La chaise est là, elle t'attend...

Maman me disait d'être toujours très active et de me consacrer pleinement aux travaux utiles et aux tâches constructives. Si par hasard elle me voyait désœuvrée, elle fulminait car à ses yeux, je me transformais en la pire jeune fille paresseuse de la terre qu’il pouvait exister. Il fallait absolument que mes mains soient occupées et travailleuses et laborieuses. Il fallait que je me cache afin de pouvoir lire un roman, une bande-dessinée. Il fallait que le monde voie en moi la jeune femme sérieuse qu’elle s’esquintait à forger.

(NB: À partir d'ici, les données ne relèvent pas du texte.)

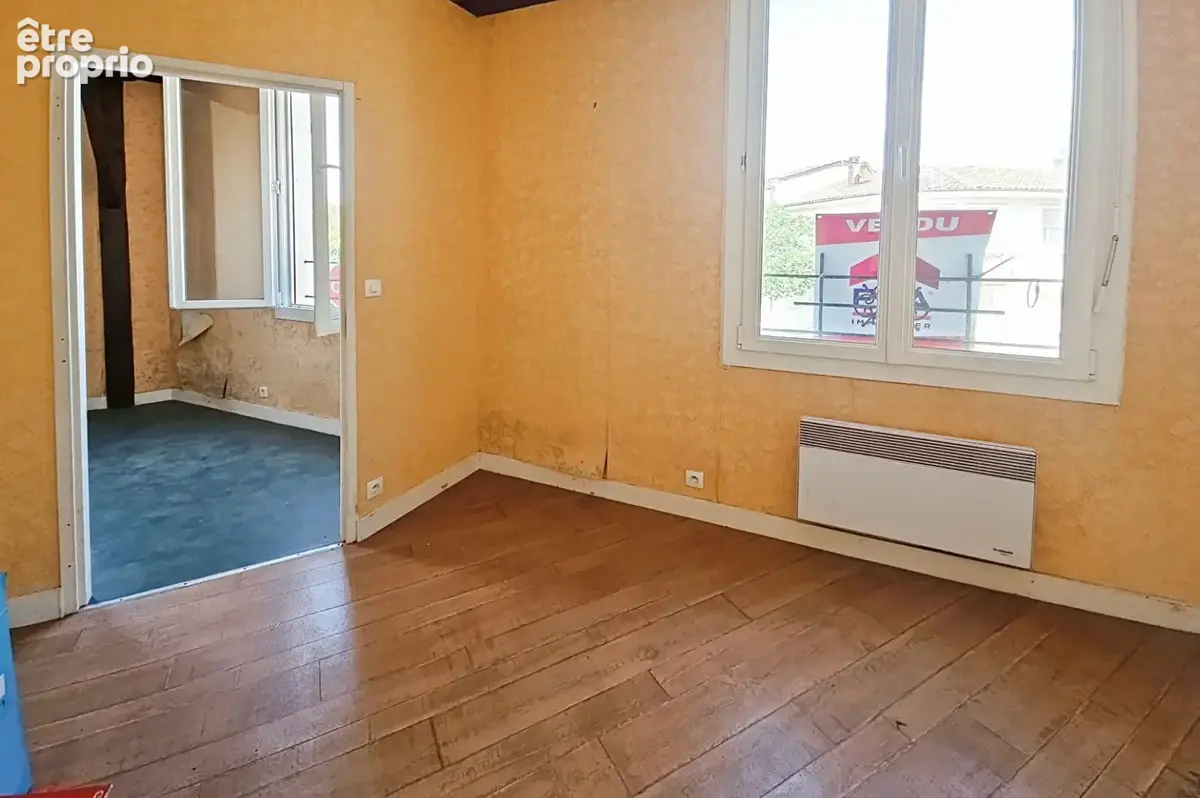 PAUILLAC 33250 - Immeuble 200 m² - investissement locatif -  CENTRE VILLE - photo 9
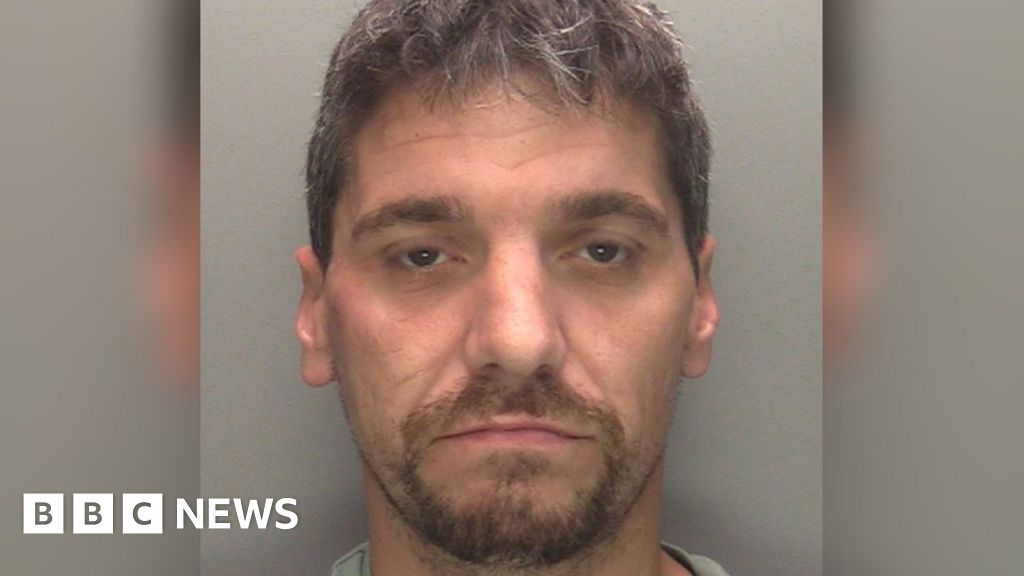 Pinchbeck: Burglar who spray painted apology jailed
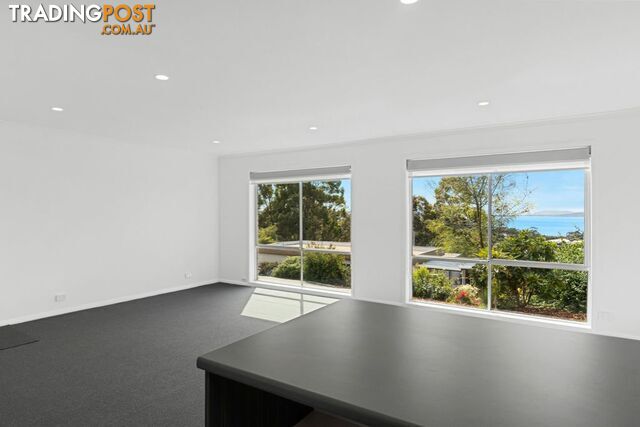 2/32 Pearl Place BLACKMANS BAY TAS 7052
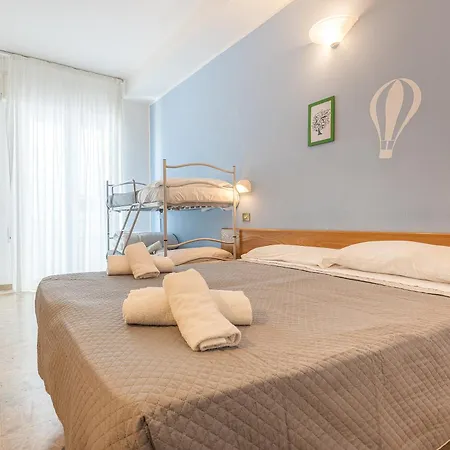 Viaggy Santiago Hotel 3*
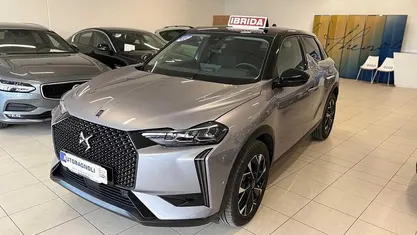 Usata DS Automobiles DS3 136 CV (100 kW) 2025 Grigio Utilitaria
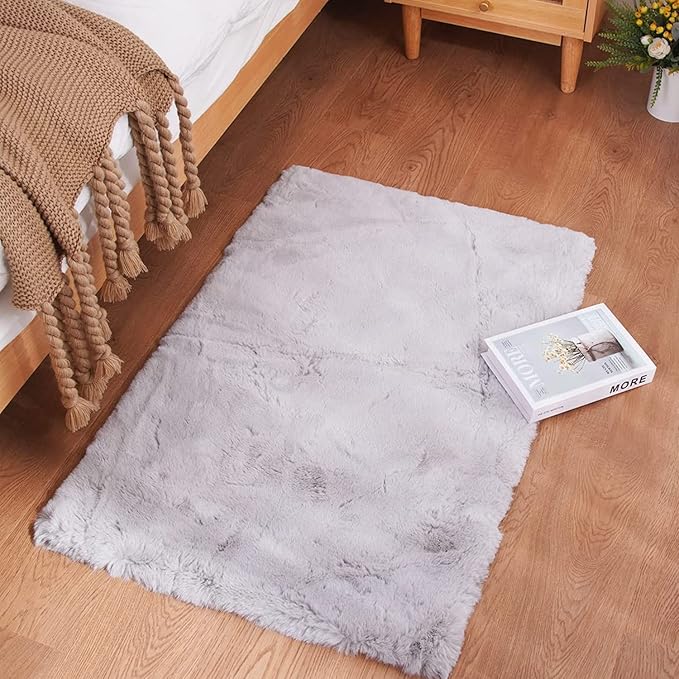 Ghouse Ultra Soft Faux Rabbit Fur Rug 2x3, Machine Washable Area Rugs for Bedroom Fluffy Rugs for Living Room, no-Shedding Carpet Sheepskin Rug Grey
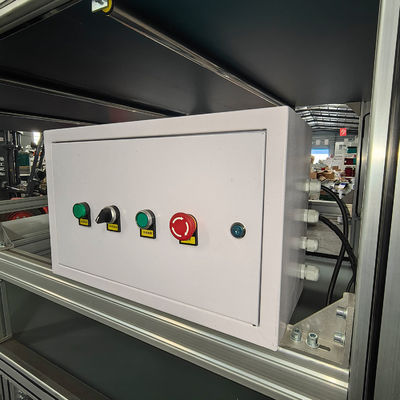 Diseño automático de alimentación y descarga de la máquina de enrutador CNC con plataforma transportadora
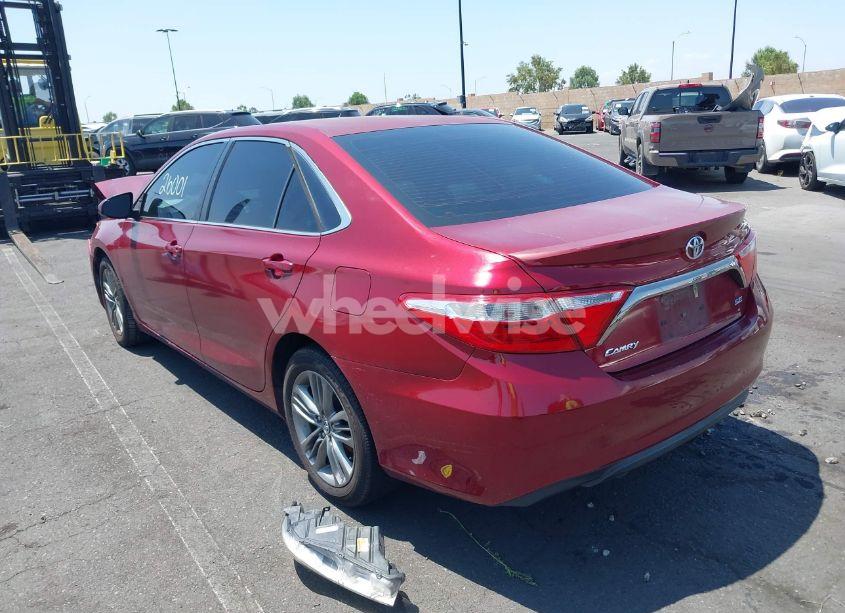 Photo 15 of 2015 Toyota Camry SE (VIN 4T1BF1FKXFU900889)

Puis les années passèrent, enracinant en moi cette culpabilisation pernicieuse mais tenace dès que je me consacrais du temps à ne rien faire à part celui de rêver. Il m’a fallu beaucoup de temps avant de me rendre compte que c’était pendant ces instants de rêves que j'avais échafaudé mes meilleurs projets, trouvé des solutions inespérées et entrepris l’avenir avec sérénité. Prendre le temps de flâner, penser, écouter le bruissement d’une rivière ou lire un bon livre…et ne pas culpabiliser a été un long travail de rééducation profonde.


Aujourd’hui, lorsque par exemple je me retrouve face à une personne désemparée car elle ne trouve pas assez de temps pour faire « tout ce qui doit être fait », je vois le petit enfant craintif face au rôle qu’on veut lui faire jouer. Celui de la personne parfaite : active, organisée, assertive, directe et menant tout de front comme un parfait stratège.


Je lui demande d’arrêter sa course et de s’assoir, tout simplement pour enfin gagner du temps.


Une fois confortablement installée, elle fait le vide dans sa tête. Je lui demande de penser à des choses agréables, à des projets éventuels, à ses rêves d’enfant… Rien ne presse, elle peut prendre le temps nécessaire et celui-ci ne sera pas mesuré. Généralement, la personne ne comprend pas ou se trémousse sur sa chaise car elle a l’impression de se voler du temps irremplaçable. Lentement, l’idée fait son chemin. Bientôt, elle se laisse bercer par des souvenirs et des envies qui lui passent par la tête. Elle rêve enfin à toutes ces choses qu’elle aimerait tellement faire mais pour lesquelles "il faudra voir, plus tard, quand j’aurai le temps…"


Nous trouvons toujours le temps pour faire les choses importantes. Il suffit de le savoir et de le vouloir. Ces deux simples mots engendrent « les compétences ». Prenez le temps nécessaire pour vous arrêter, faire le point et comprendre pourquoi vous courez et derrière quoi ou qui. Cette réflexion vous mènera à la prise de conscience de la pertinence des urgences et des pressions omniprésentes.